New hybrid rice breeding

New Hybrid Rice Breeding:

Rice along with wheat and maize are considered as the three main leading crops in the world.

  1. In combination they directly provide more than 50% of the total calories consumed by the whole human population. Among the three, rice contribute 21% of the global human per capita energy and 15% of per capita protein. Also, protein in rice is ranked high in nutritional quality than in cereals where protein content is modest. Other than protein, rice also consists of minerals, vitamins, and fiber, but during milling process all constituents except carbohydrate are reduced.
  2. Adaptability of rice makes it a suitable crop for all most all climates. Rice is cultivated in all most all parts of the earth, except Antarctica. At present, rice has thousands of strains available in the market and it can be raised with other crops and food sources, therefore it is helpful in encouraging biodiversity.

Scientists from across the world are working hard to improve the quality and quantity of rice, and so are the scientist from U.S Department of Agriculture (USDA). They have come up with the new tool that can improve the expression of desirable genes at specific parts of the rice plant where the results will do the most good.

A well renowned geneticist associated with USDA’s, Roger Thilmony, Agricultural research Service (ARS, is USDA’s principal intramural scientific research agency), Albany, Calif., has demonstrated how LP2 gene promoter can be direct to control other introduced genes to express beneficial traits in specific plant tissues without the potential for causing unintended consequences.

As rice is one of the most important food crop in India and other countries of the world and is under a great threat from various types of pathogens including various strains of bacteria and fungus that are found in agricultural fields worldwide. Scientists those who are working on rice projects have developed diseased-resistant varieties of rice by introducing a gene which may inhibit the growth of disease in one part of the plant, but this may create a chance of reducing the seed quality or could produce other “side effects” because the gene is expressed throughout the plant. LP2, which is a tissue-specific promoter, belongs to a segment of gene that are capable of directing the activity of introduced genes only to specific parts of the plant where beneficial traits are needed.

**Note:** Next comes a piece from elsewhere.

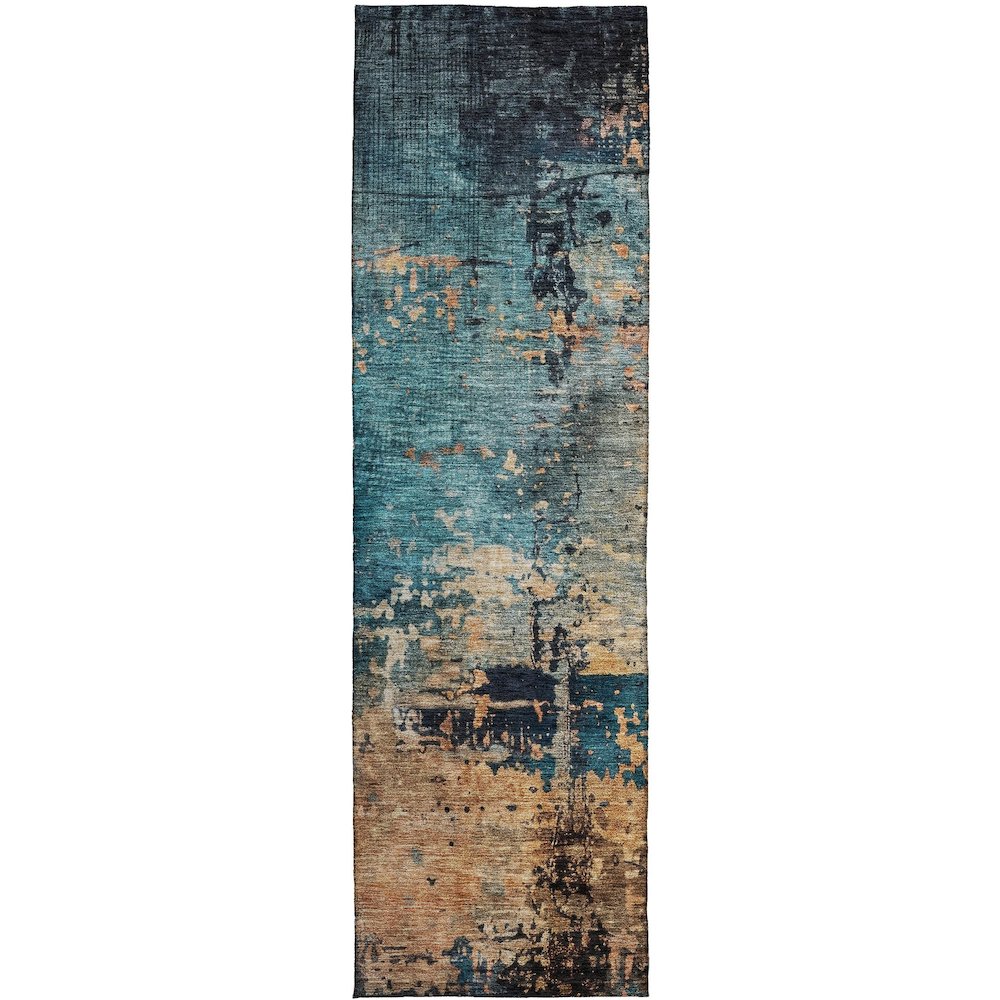 Indoor/Outdoor Nouveau Teal 2'3" x 7'6" Runner Rug. Picture 1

Thilmony, while working on rice, with his colleagues named James Thomson, Mara Guttman, and Ann Blechl, discovered that the gene which they named LP2 was consistently expressed in green tissues. While performing an experiments, they tried to fuse the LP2 promoter with the “reporter gene” known to produce a specific enzyme, and they have incorporated the fused DNA package into seven lines of the rice to see where the enzyme would be produced.

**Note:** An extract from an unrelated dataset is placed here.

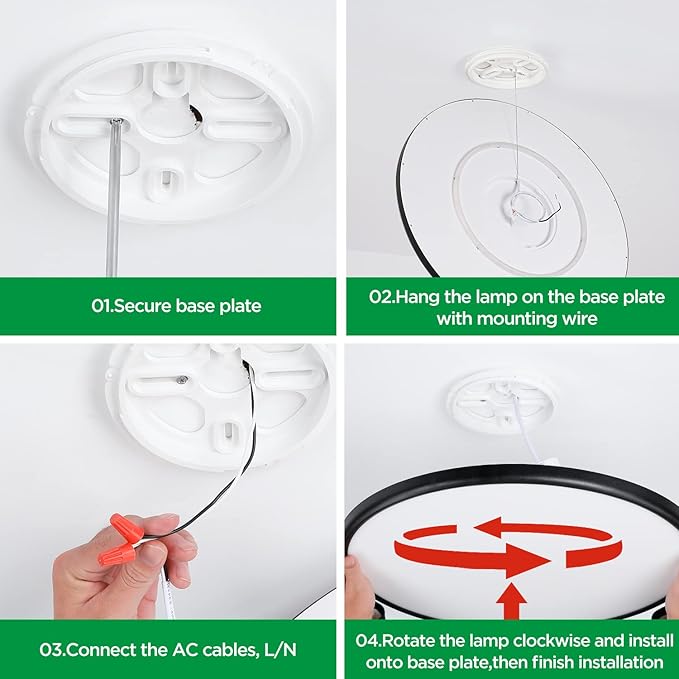 TALOYA 18 Inch Black Flush Mount Led Ceiling Light Fixture for Living Room Dining Room Ultra-Thin Round Surface Mounted Fixture Brightness Dimmable Equivs to 260W Traditional Led Bulb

After the completion of the research they concluded that the LP2 promoter gene steered expression of the reporter gene specifically to greener tissue exactly where photosynthesis occurs. The activity of reporter gene is seems to be highest in the leaves and nearly undetectable in the roots, seeds, and flower parts of the rice plant. From the research they also concluded that LP2 promoter could play major role in improving the variety of rice, barley, and wheat so, therefore could be helpful in the development of biofuel crops, in which scientists need to control leaf traits without affecting other tissues, said Thilmony.